According to the LA Times and other sources, Turkey is threatening to “cut off cooperation with the United States on a number of security fronts” if a resolution currently before Congress goes through.

The resolution refers to the deaths of more than a million Armenians in Turkey around the time of WWI as a genocide. The Turks claim it wasn’t anything of the sort, and besides, a lot of other people got killed at the same time.

If millions of people got killed at the same time and it wasn’t a genocide, what term should be used to describe it? Is Stalin guilty of genocide for having millions slaughtered in the USSR? Are the settlers of North America guilty of genocide for what happened to the native population?
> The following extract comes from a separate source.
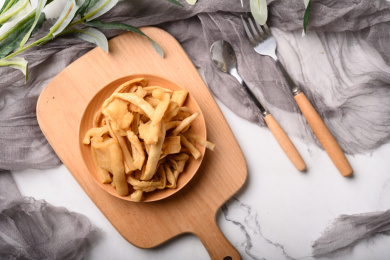 桌面上的木粘板上的木盘子里的萝卜条干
Apparently the Turkish sticking point is that they don’t think they targeted Armenians in particular. I haven’t seen any statistics that show how many people of other-than-Armenian descent were slaughtered at that time, and I doubt at this late date that entirely accurate figures could be obtained… but still, if the Armenians were the majority of the victims, I doubt any rational person could claim it was just coincidence that it happened that way. Since when have Bush & Co. ever really worried about what anyone else in the world thought of us? Why is it all of a sudden so important to appease the Turks, when Bush policies have already pissed off so many other nations in that area of the world (and elsewhere)? Those guys don’t give a crap. The cynical person should wonder whose palm is being greased, and by whom.

Do we claim that what happened during WWII wasn’t genocide because it wasn’t just the Jews who were the target of Hitler’s insanity? (My grandfather and all his family died in a concentration camp, according to family tradition, because they were “Polish intelligentsia.”) Do we claim that the deaths of a huge percentage of the native populations in the Americas from the time of Columbus up to recent historical times was not genocide because so much of it was the result of ignorance rather than deliberate malice?
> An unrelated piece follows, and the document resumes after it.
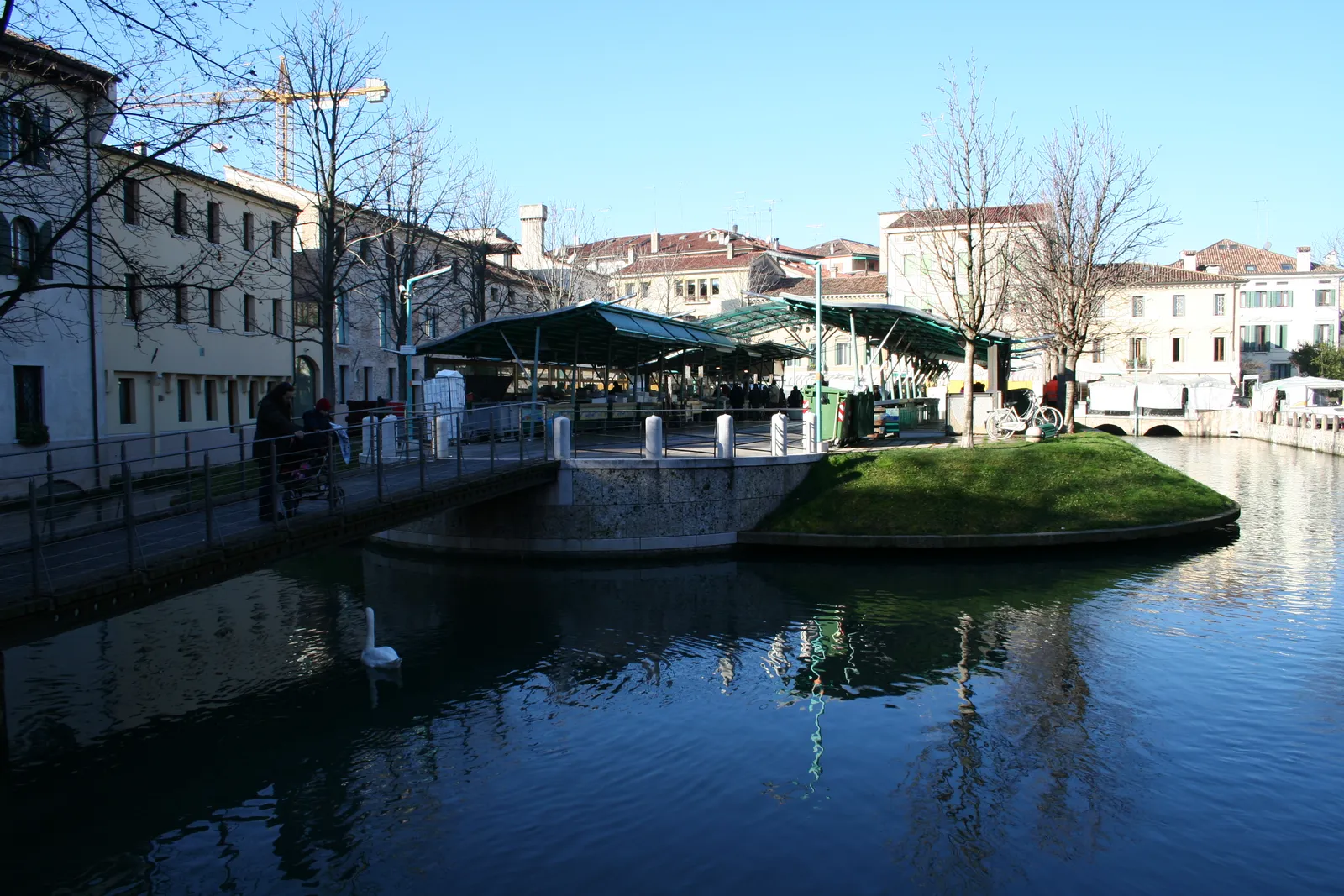 The Isola della Pescheria in Treviso, a small island in the middle of a canal carrying the green-roofed fish market stalls, with a footbridge onto it and arcaded buildings along the bank behind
It seems to this outsider that the solution would be to let the resolution pass. It harms nothing to acknowledge something that happened nearly a century ago. Telling the truth sheds light on the problem And the current Turkish government should respond to the resolution by saying “That was then. This is now. The people responsible are long dead and we should let them and their victims rest in peace. They have received whatever reward or punishment they deserved. All we can do at this late date is to assure the world that nothing like that will ever happen again.”

Won’t happen, of course. I suspect the Turks and the Bushes have way too much in common to be logical.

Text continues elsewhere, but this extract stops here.